Attracting new Business to the area is made easier. An abundance of tax, zoning, permit, and property assessment data is made open and accessible. Businesses looking to assess possible relocation sites in the Richmond area can get all their information easily. Through better support of economic development programs, such as managing inventories of available sites and buildings suited for industrial and commercial development, the city strengthens its service to Businesses. In the future, the city hopes to provide mapping of characteristics of the community and labor force.
Using ArcIMS, the city developed a number of online GIS/ERP applications that today are used internally within the city via its Intranet. The Intranet Web application My Work Place allows users to see data related to a particular work request. Users simply log in to see all work and status information at their desktop or on their handheld field device. The Business License application allows internal users to go online and access zoning, permit, and property assessment data to seek new opportunities and apply for permits. The Capital Improvement Projects application allows data viewing capabilities for such capital improvement projects as street construction; users can view digital maps of projects and their locations as well as scheduling, budget, and other related information.
Visualize Work Manager, a customized application developed using MapObjects, provides users within the Richmond government viewing and querying capabilities for a wealth of GIS/ERP data managed in various government departments. Whether it's zoning, law enforcement, water/wastewater, or other departments, users across the enterprise can access spatial data as part of their ERP system. For instance, users can open their ERP system, access the Visualize Work Manager application, and then access special map data for engineering and planning functions, including data related to emergency response resources, and emergency response planning. The application is also used in street, electrical, and wastewater departments using geography as an integrated data point for a host of work and data management. Richmond employees can quickly locate the area targeted for improvement and can easily generate a work order.

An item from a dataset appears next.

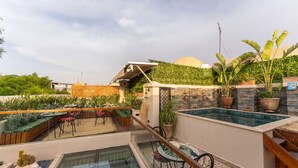 A rooftop terrace with a pool, seating areas, and a variety of plants. - Riad Secret Mahjouba (Marrakech)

Visualize Data Manager, an ArcGIS application, is used for data creation and maintenance. Public Works Department engineers and office administrators use the application to update approximately a dozen data layers such as street, parcel, traffic light, streetlight, and other data; part of the data maintenance also involves maintaining the object relationships between the spatial data in ArcGIS and the tabular data in SAP ERP.
The city has also used ArcPad software for field GIS data collection. Indeed, one of its most unique and groundbreaking ArcPad applications involved public volunteers working diligently with government employees to collect information on properties in several neighborhoods targeted for reforms.
The near future may lead to additional external Internet applications used by the public.